* **TASK STATEMENT**:
Every line from the one with "NFL Detroit Lions" to the end of the listing below must be printed exactly, with no other text and no pictures.

* **RECORDED DATA**:
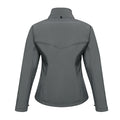 Seal Grey - Back - Regatta Ladies Uproar Softshell Wind Resistant Jacket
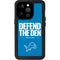 NFL Detroit Lions Team Motto iPhone 14 Pro Waterproof Case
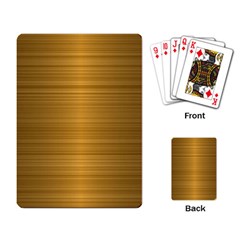 Gold, Desenho, Golden, Metal, Shiny, Playing Cards Single Design (rectangle)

* **TASK SOLUTION**:
 NFL Detroit Lions Team Motto iPhone 14 Pro Waterproof Case
 Gold, Desenho, Golden, Metal, Shiny, Playing Cards Single Design (rectangle)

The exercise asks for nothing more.